One of the most basic questions that people ask when they’re looking at a balance sheet is: What’s the difference between revenue and profit? Put plainly, revenue is all income before expenses, while profit is the bottom line.
There is one little trick to assessing revenue. All revenue comes from a company’s core business, not investments or subsidiaries. So a landscaping company, for example, can consider every dime that it makes from landscaping to be revenue, while everything that the business brings in from investments is not. Aside from that caveat, all income is revenue.
Profit is a little bit more complicated than revenue. It’s all revenue minus expenses. That means that everything a company brings in from its core business, minus everything that a company pays to stay in business, is profit. Profit either goes directly to the business operator, stays in an account used for further business, or is used to pay shareholders.

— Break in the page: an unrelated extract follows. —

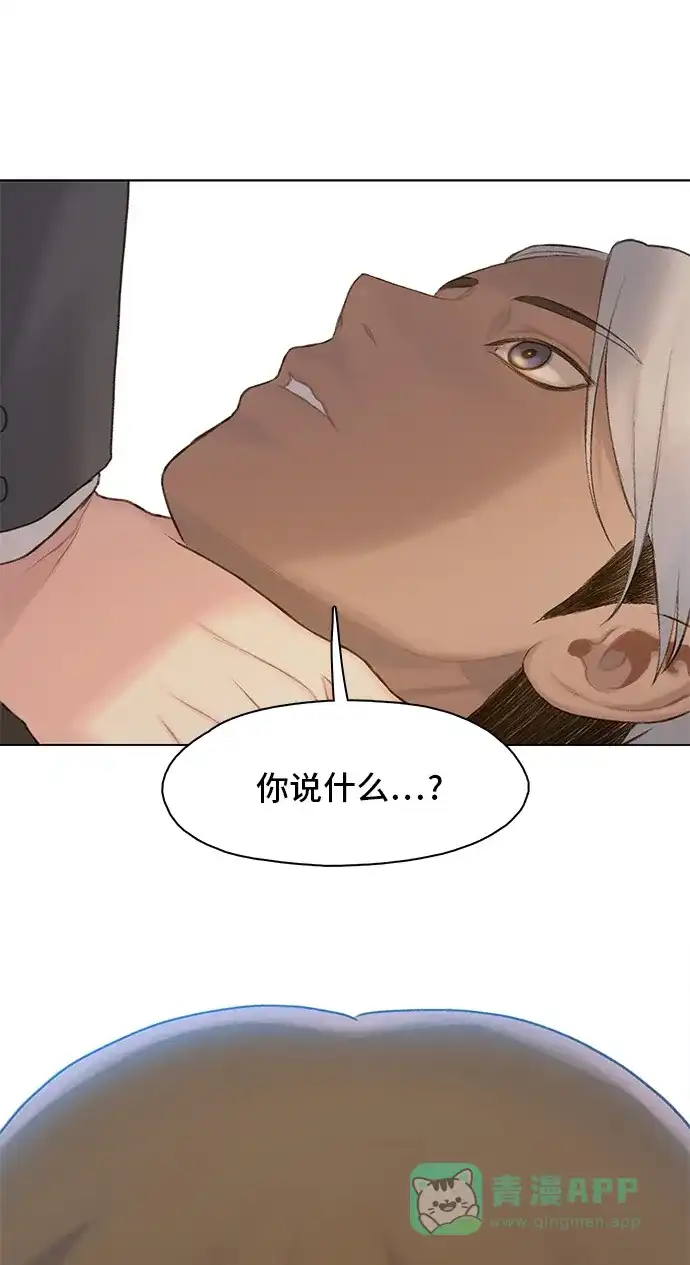《绝命循环》第17话 第82页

It all depends on what sort of business we’re talking about.
There is also operating profit to consider. Operating profit is all revenue minus the cost of goods sold. In a retail business, this distinction is a very important one, while in a service business it becomes less so.
Real profit, as opposed to operating profit, is calculated by looking at the total revenue minus all fixed costs. This is an important distinction, because many costs aren’t fixed. Some examples of fixed costs include insurance, payroll, rent, and utilities.
The Profit Margin
Once you understand the difference between revenue and profit, you can put that knowledge to work by figuring out the profit margin for a business. The profit margin is profits divided by revenues, and it gives a good look at what the overall operating costs of a business are. For example, in a business with $60,000 in quarterly revenues and $22,000 in quarterly profits, the profit margin can be calculated to be 36.6%. That’s 22,000/60,000 = 0.366.

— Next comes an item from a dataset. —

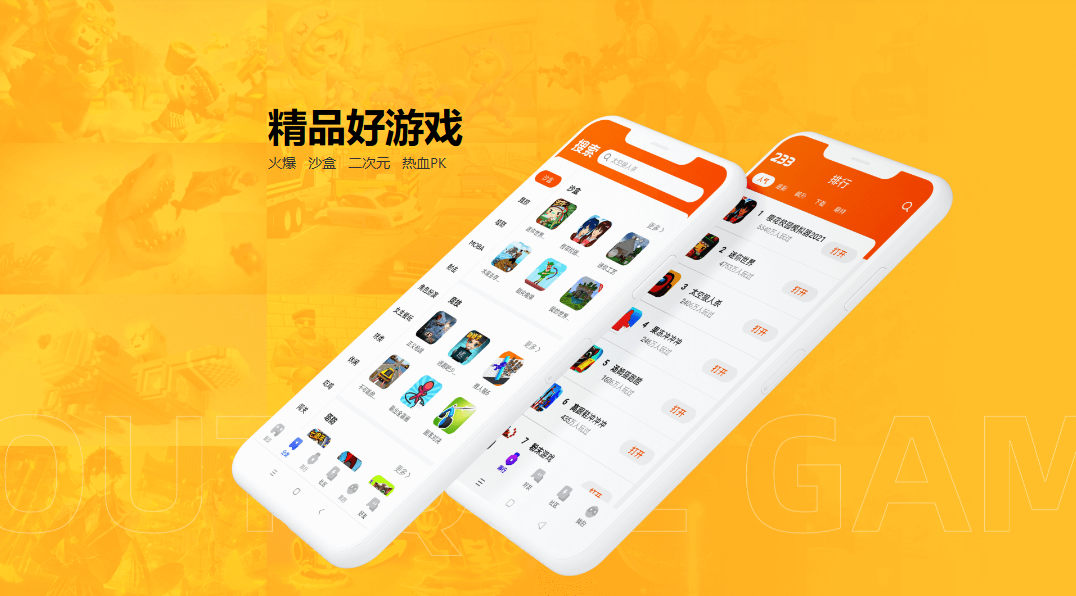 233乐园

The profit margin is important, because it tells investors and businessmen how much profit they make per dollar of revenue. In our example, for every dollar in revenue the company makes $0.36 in profit.
Revenue vs Profit
So, as you can see, the difference between revenue and profit is an easy distinction to make. As long as you keep in mind that revenue only comes from a core business, and profit has multiple definitions. Although we didn’t cover operating profit in-depth, the difference between operating profit and total profit is an important one. Just like the difference between revenues and investment income is key.
Different types of business can have vastly different profit margins, depending on a variety of factors. Some businesses count on making a lot of revenue for an acceptable profit margin, while others make high amounts of profit on relatively little revenue. This is the difference between high-margin and low-margin businesses.
While it might seem like every business should be a high-margin business in order to be healthy, the fact is that revenue and profit are more complex than that. Still, just knowing the definition of the terms and how they apply can be a huge benefit whether you’re looking after your own business, or looking at investment information.